「チームの勝敗に一喜一憂しない」と、頭の中で決めてはいても、やはり応援するチームが勝てば嬉しい。まして、開幕3連勝を飾ったとなれば、自然と心は上機嫌になるというもの。西武ファンにとっては、満開の桜とともに最高の気分で過ごす週末となったに違いない。
幸先良いスタートを切ったとなれば、時期尚早ながら、優勝への期待が高まるばかりだ。だが、「そんなに簡単なものではない」と、今カードの相手の名を見て、一気に現実に引き戻された。「福岡ソフトバンクホークス」。西武にとっては、2011年から大きく負け越しが続く宿敵中の宿敵だ。この王者への苦手意識を払拭しない限り、優勝は近づいてこないと言っても過言ではないだろう。「勝って兜の緒を締めよ」である。キャンプ時から選手たちの「打倒・ソフトバンク」の意識もかなり強いだけに、開幕3連勝という最高のスタートを弾みに、今年こそ、何としても勝ち越しを果たしたい。
15年ぶりに西武に帰ってきた松井稼頭央選手、日本球界最高左腕・菊池雄星投手、昨季首位打者・秋山翔吾選手のさらなる進化、山川穂高選手の4番打者定着への挑戦、源田壮亮選手、金子侑司選手、外崎修汰選手の盗塁王挑戦、森友哉選手の"捕手"としての台頭など、今季の西武は見どころ満載だが、優勝のためのキーパーソンとして、個人的には平井克典投手の名を挙げたい。
「8回のマウンド」への挑戦
社会人出身ルーキーとして即戦力の活躍が期待された昨季は、5月末に一軍デビュー。以後、シーズン終了まで一軍に帯同し、42試合2勝0敗、防御率2.40と、結果で応えた。今季は初の開幕一軍入りも果たし、首脳陣からもさらなる飛躍が期待されている。

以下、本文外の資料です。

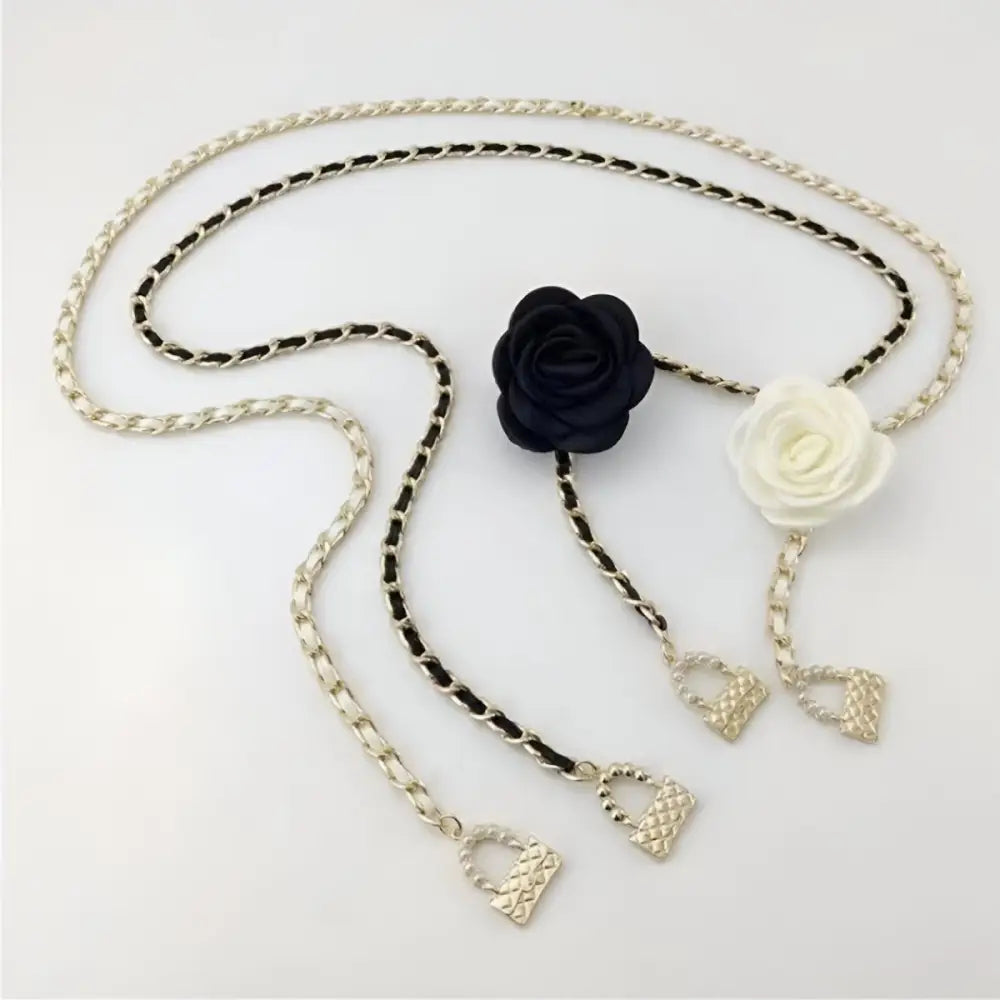 Three black chain belts with white flower accents and decorative charms for women
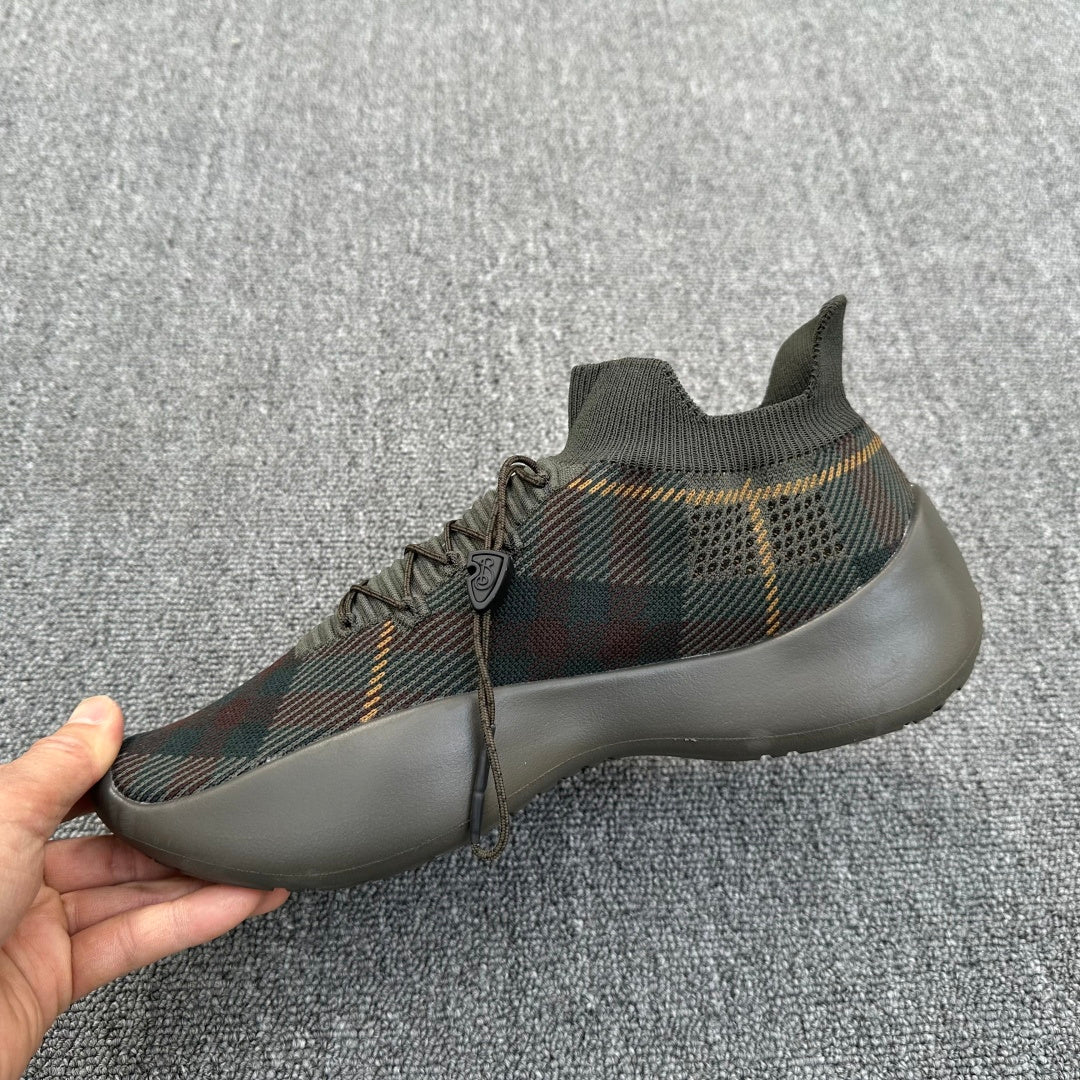 Lace-up plaid knit sneaker with blue sole trim, side view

2年目の今年を、平井投手本人は「挑戦する一年」と位置付ける。「絶対に、去年よりも試合の“肝”となるところで投げたい」が、最大の目標だ。昨季は、試合を重ねるごとに首脳陣からの信頼も勝ち取り、終盤には勝敗を左右する拮抗した状況での起用も増えたが、正式な“勝利の方程式”の一角に割って入ることはできなかった。チームがリードした中で7回、8回、9回に決まったようにマウンドへ向かう牧田和久投手、シュリッター投手、増田達至投手の姿を見ているうちに、「自分も、あの中の1人になりたい」と、より高い向上心を抱くようになったという。そして、今季はその牧田投手、シュリッター投手の2人がチームを去った。「自分がやらなければ」という自覚も増し、「セットアッパーに挑戦したい気持ちは強いです」。当然、8回のマウンドを狙っている。
そのためにも、勝ちパターンの投手には欠かせぬ「絶対に抑えてくれる」という全幅の信頼を得るべく、自主トレ、キャンプと、自らを徹底的に追い込んできた。一番のテーマは「直球」に置いた。
「去年の僕は、まっすぐが心配になると、すぐにスライダーに頼ってしまっていました。でも、今年はそれを抜け出したい。とにかく、まずはまっすぐ。『まっすぐあっての変化球』という姿勢をぶれさせないように、ストレートを磨いてきました。僕自身、スピードも、綺麗なまっすぐも求めていません。ストライクの取り方は1つではなく、見逃しや、空振り、ファウルでも、同じストライク。どんな形でも、自分を優位に持っていけるようにしたい」。